Where is the original air exhaust? If it's near the bottom of the picture, that would confirm my theory. In that case, I would keep the fan placement as close to original as possible (i.e. the blue square).

[–] Sparky@lemmy.blahaj.zone 1 points 1 month ago (2 children)

The original exhaust was at the bottom roughly where the green square is. Since the psu is mounted vertically and I'm designing a new top plate I was thinking it might be a good idea to mount the fan at the bottom so the it could be using convection to its advantage.

Here's how the exact model psu looks like

[–] Fermion@feddit.nl 4 points 1 month ago (1 children)

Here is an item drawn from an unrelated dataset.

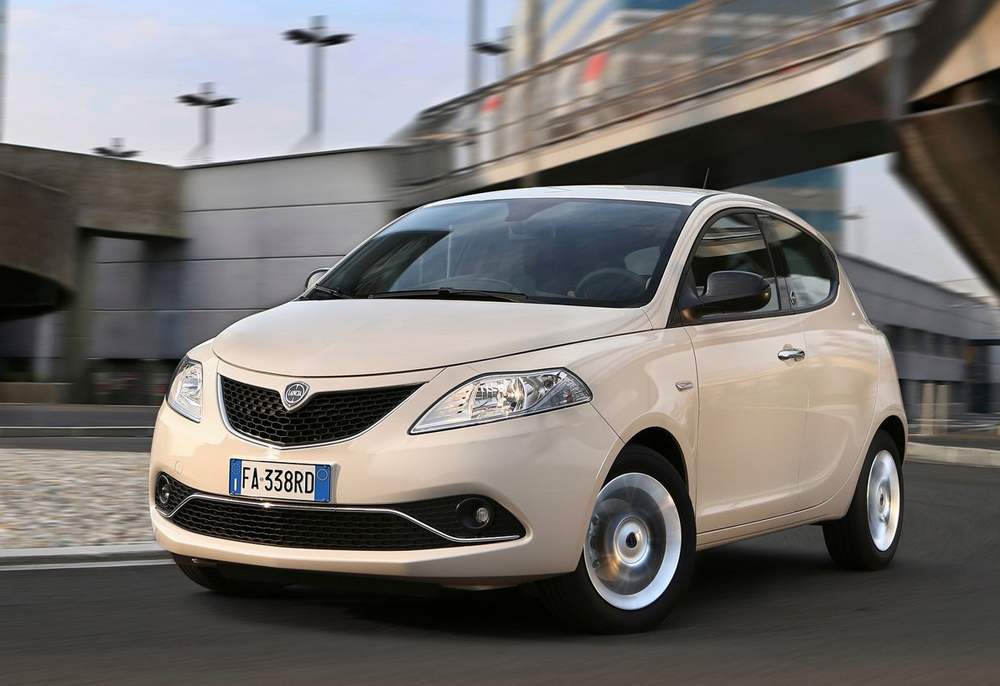 蘭吉雅怎麼了?全新《Lancia Ypsilon》Euro NCAP撞擊測試只獲得2顆星 蘭吉雅怎麼了?全新《Lancia Ypsilon》Euro NCAP撞擊測試只獲得2顆星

Are you 3D printing a new top plate for the psu? Remember that the steel housing also functions to contain the emi generated from the psu components. You could end up increasing electrical noise for other components if your new top plate isn't conductive and grounded.

[–] Sparky@lemmy.blahaj.zone 3 points 1 month ago

I didn't think of that. Thanks for pointing that out! I guess I can cover the inside in aluminium foil tape to stop the electrical noise

[–] elDalvini@discuss.tchncs.de 2 points 1 month ago

That's probably not a bad idea, although I doubt it will make much of a difference. But since you're redesigning the whole thing, might as well do it.